■ Exercise details ■
Restate, word for word and with no pictures, the stretch of lines in the data below that begins at the line with "I've never been able to do" and ends at the line with "Fix 1: Disconnect", inclusive.

■ Data listing ■
==========
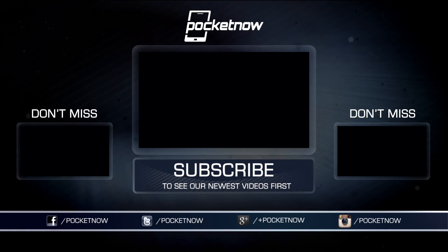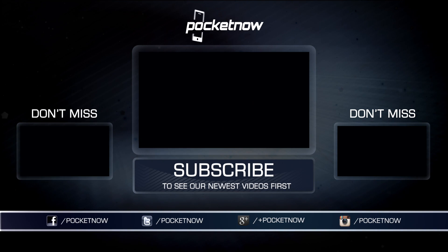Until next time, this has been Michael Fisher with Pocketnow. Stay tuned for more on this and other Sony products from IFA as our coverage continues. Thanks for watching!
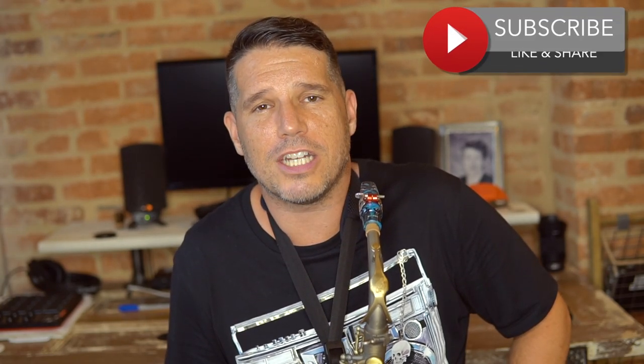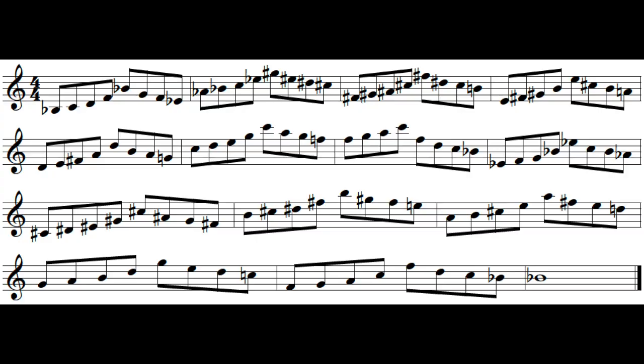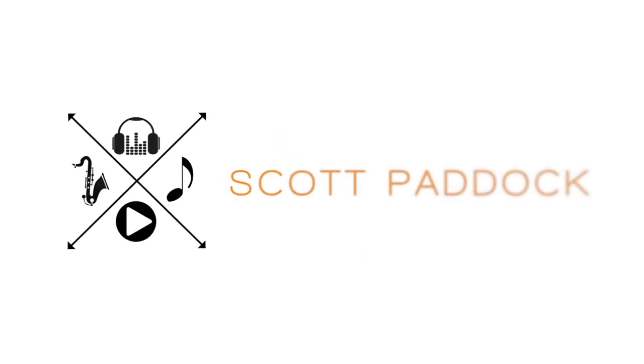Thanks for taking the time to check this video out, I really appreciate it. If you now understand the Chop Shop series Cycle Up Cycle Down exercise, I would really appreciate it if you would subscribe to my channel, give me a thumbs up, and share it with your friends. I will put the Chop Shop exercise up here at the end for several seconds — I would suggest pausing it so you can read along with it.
==========
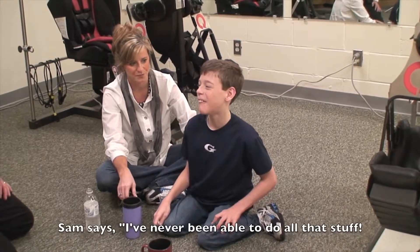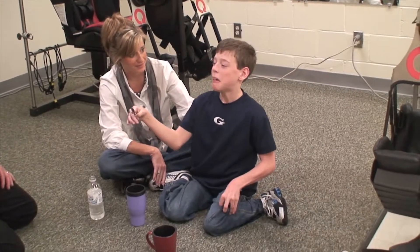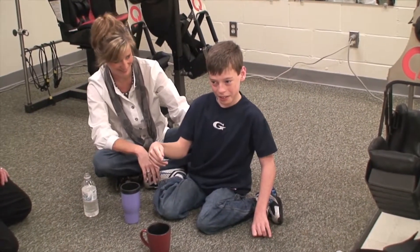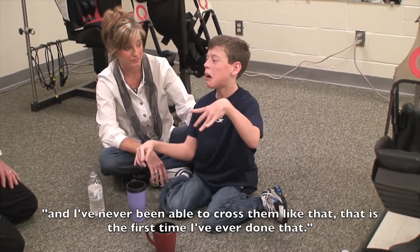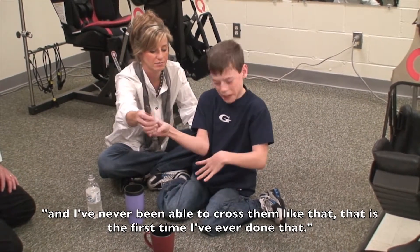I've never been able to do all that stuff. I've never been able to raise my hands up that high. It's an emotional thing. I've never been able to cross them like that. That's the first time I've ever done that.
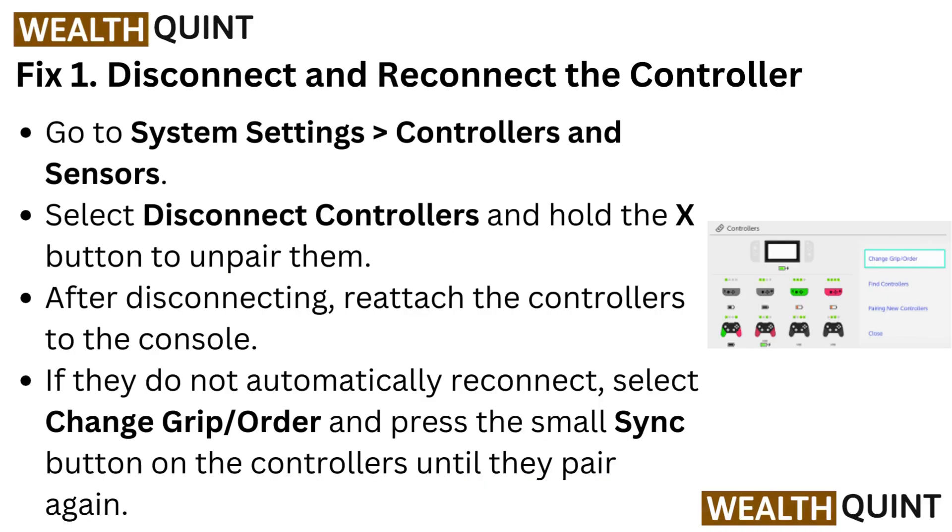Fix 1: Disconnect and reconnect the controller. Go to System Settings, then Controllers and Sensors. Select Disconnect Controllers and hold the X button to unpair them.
==========
■ Response ■
I've never been able to do all that stuff. I've never been able to raise my hands up that high. It's an emotional thing. I've never been able to cross them like that. That's the first time I've ever done that.
Fix 1: Disconnect and reconnect the controller. Go to System Settings, then Controllers and Sensors. Select Disconnect Controllers and hold the X button to unpair them.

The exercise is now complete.